Salah satu guru seperti ini adalah penulis sendiri yang lebih suka mengirim berkompetisi dalam pertandingan bulutangkis, bolabasket, catur atau lomba renang dan atletik yang menjadi spesialis penulis.
Di sisi lain bibit pemain sepakbola dari kaum pinggiran dari kampung dan desa sering terkendala tidak bisa ikut SSB atau sekolah sepakbola dengan alasan beaya. Inilah alasan ekonomi sehingga bibit-bibit ini tidak terbentuk dengan fisik yang tangguh karena faktor gizi yang kurang terjamin.

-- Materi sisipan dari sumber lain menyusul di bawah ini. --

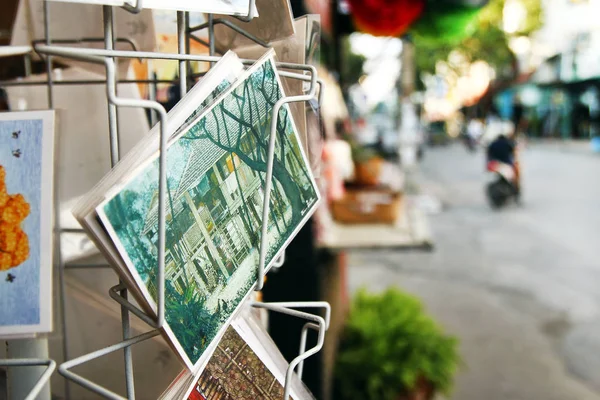 Chiang Mai Thailand November 2017 Painted Postcards Tourists Shop Window — Stock Photo, Image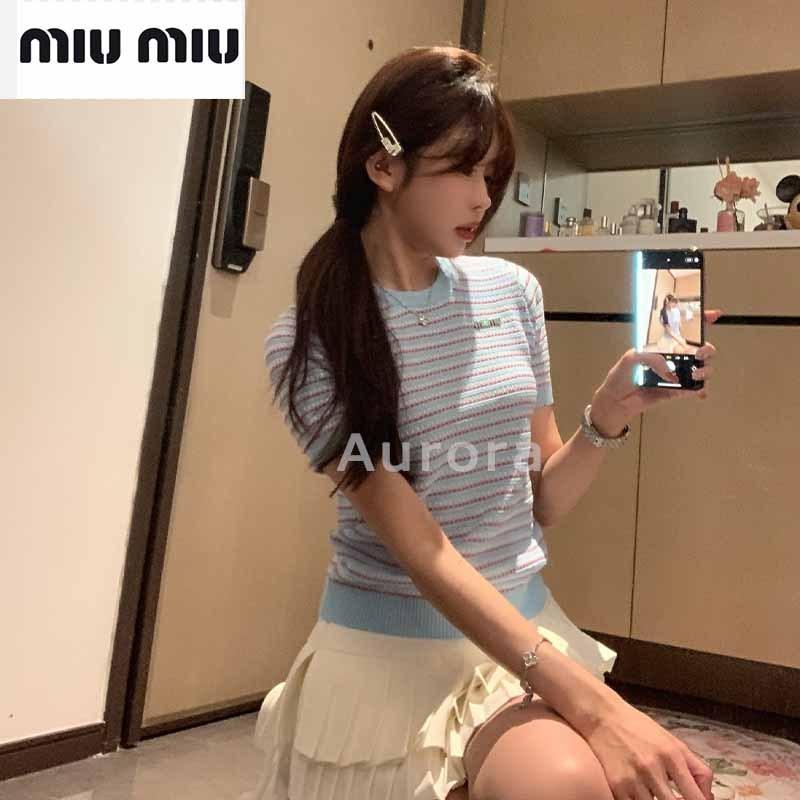 💕Aurora 美國代購💕 MIU MIU 繆繆 時尚 百搭 撞色 條紋 針織 上衣 修身 短袖 T恤女-細節圖9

Ketrampilan atau skill yang cukup bagus akhirnya terkendala fisik yang kurang tangguh untuk bermain selama 60 menit dalam sepakbola mini. Ketika tenaga sudah habis dan nafas yang ngos-ngosan maka emosi terganggu dengan main kasar.
Sekolah umum bukan untuk mencetak atlit. Porseni dan O2SN hanya untuk sarana mencari bakat dan minat anak dan menyalurkannya dalam kompetisi yang berbobot dan selanjutnya diserahkan pada orangtua untuk mengembangkan lewat klub-klub olahraga.
Terakhir inilah yang harus diperhatikan pengurus daerah PSSI dan KONI.